"Reining is communication between horse and rider employing the principles of classical horsemanship to create an art form that is pleasing to watch."
--Bob Loomis, professional reining horse trainer.
Reining is recognized internationally as an equine sport of great significance that appeals to participants and spectators alike. The combination of speed and power maneuvers with amazing control and finesse makes the sport fascinating to watch. The NRHA judging system allows spectators to closely follow the determination of the winners while being entertained by breathtaking performances.
The Art of Reining
Reining is a judged event designed to show the athletic ability of a ranch type horse in the confines of a show arena. In reining competition, contestants are required to run one of several approved patterns. Each pattern includes small slow circles, large fast circles, flying lead changes, rollbacks over the hocks, 360 degree spins done in place, and the exciting sliding stops that are the hallmark of the reining horse.
The National Reining Horse Association has ten approved reining patterns. All NRHA patterns are divided into seven or eight maneuvers. The NRHA Handbook describes the maneuvers required of a reining horse are as follows:
Walk-in: The walk-in brings the horse from the gate to the center of the arena to begin its pattern. The horse should appear relaxed and confident. Any action, which may create the appearance of intimidation including starting and stopping, or checking is a fault which shall be marked down according to severity in the first maneuver score.
Sliding Stops: Sliding Stops are the act of slowing the horse from a lope to a stop position by bringing the hind legs under the horse in a locked position sliding on the hind feet. The horse should enter the stop position by bending the back, bringing the hind legs further under the body while maintaining forward motion, ground contact and cadence with the front legs. Throughout the stop, the horse should continue in a straight line while maintaining ground contact with the hind feet.
Spins: Spins are a series of 360-degree turns, executed over a stationary (inside) hind leg. Propulsion for the spin is supplied by the outside rear leg and front legs, and contact should be maintained with the ground by a front leg. The location of hindquarters should be fixed at the start of the spin and maintained throughout the maneuver.
Rollbacks: Rollbacks are the 180 degree reversal of forward motion completed by running to a sliding stop, rolling (turning) the shoulders back to the opposite direction, over the hocks, and departing in a canter, as one continuous motion.

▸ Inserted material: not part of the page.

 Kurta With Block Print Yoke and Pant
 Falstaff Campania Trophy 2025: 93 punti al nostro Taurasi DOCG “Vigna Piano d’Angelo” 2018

Circles: Circles are maneuvers at the lope, of designated size and speed, which demonstrate control, the horse's willingness to be guided, and degree of difficulty in speed and speed changes. Circles must at all times be run in the geographical area of the arena specified in the pattern description and must have a common center point. The differences in size and speed of the circles must be clearly defined according to the designated pattern.
Backups: A backup is a maneuver requiring the horse to be moved in a reverse motion in a straight line for a required distance; at least 10 feet.
Hesitate: To hesitate is the act of demonstrating the horse's ability to stand in a relaxed manner at a designated time in a pattern. In a hesitation, the horse should remain motionless and relaxed. All NRHA patterns require a hesitation at the end of the pattern to demonstrate to the judges the completion of the pattern.
Lead Changes: Lead changes are the act of changing the leading legs of the front and rear pairs of legs, at a lope. The lead change must be executed at a lope with no change of gait or speed and be performed in the exact position in the arena specified in the pattern description. The change of front and rear leads must take place within the same stride to avoid penalty.
Run Downs and Run-arounds: Run downs are runs through the middle of the arena and runs from the center of the arena to the end. Run-arounds are runs along the side and around the end of the arena. Both the run down and run-arounds should demonstrate control and a gradual increase in speed to the stop.
In scoring, credit is given for smoothness, finesse, attitude, quickness and authority when performing the various maneuvers. Although reining is not a timed event, controlled speed raises the difficulty level and makes the reining horse more exciting to watch.